Thank you Jim Beavens, Jpiper, JP and Terry, and all. This certainly is a special forum and site.


Re: J.O.B. really bringing me down… - Posted by Alex Gurevich, TX

Posted by Alex Gurevich, TX on April 22, 1999 at 10:50:31:

It’s all coming back to me now. In 1991, a recent immigrant to U.S., I took my 1st real estate seminar and got infected with the r.e. virus. I could smell those real estate riches, but I had to get started part time, since my wife was staying home with 2 kids. I was a senior software developer for 13 years working for high tech companies. In 1994 I was laid off from IBM contract and tried to stay in r.e. full fime. I had several rental properties, however, it was not enough. It kept me afloat for about 9 months. I did not have a plan. My knowledge was limited to pretty much buying rentals, or buying fixers. Unfortunately, I lacked confidence and true knowledge and I always overpaid for fixers even though I was in a favorable depressed market, buying at auctions, from banks, FDIC, RTC, etc. I did get a few good buys, but mostly I overpaid, so I could not sell them for profit right away, and I had to keep them as rental properties. The funny thing, by '97 I’d been doing r.e. for about 6 years, and I thought I knew it all.

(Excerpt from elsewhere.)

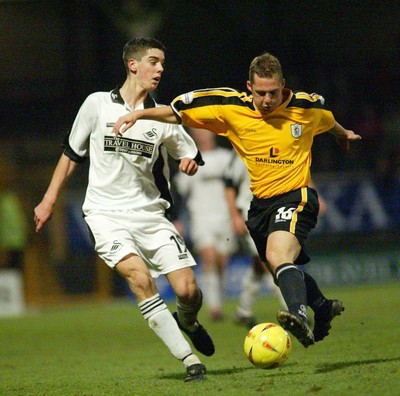 221103 - Swansea City v Darlington - Swansea's Richard Duffy tangles with Mark Convery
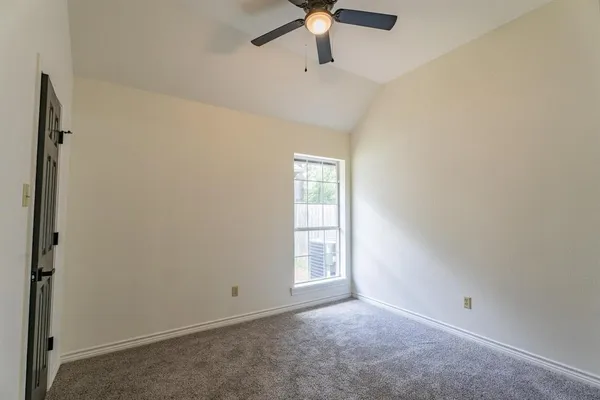 an empty room with a window and a fan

For all these years I had high aspirations about the r.e. career. My performance at work suffered the same way yours does today, because my head was constantly occupied with the r.e. thing. Back in 93-94 I had a goal to accumulate certain number of rentals within 3-4 years term and get myself in a position to quit the job and be able to live on rental cash flow. That just was not happening. The market has changed from depressed to very active, so I could not buy properties as easy or with cash flows I wanted. I discovered the cash flow from rentals was not dependable, rental market had changed quite a bit over years. Great for a few months or even a year, and then a major bill, or damage, too many new apartments built, or a long period of multiple vacancies that would put me in a hole. I knew something was wrong, but I did not know what it was.

That was until I heard a blurb of Ron Legrand’s presentation. That turned me again to learning new ideas and teqniques. In '97 I went to see his presentation and bought his materials. It was also about the time I stumbled onto CREOL and started learning from pros here,and buying courses.

In summer '97 the start up company I was working for was shut down, everybody was laid off. At the time I had a comfortable $75K salary plus benefits, and was heavily loaded with consumer debt. I knew I could command pretty good pay in a high tech field. I also knew if the R.E. was to be, it was to be then and there at any cost. So the lay off was my “kick in the pants.”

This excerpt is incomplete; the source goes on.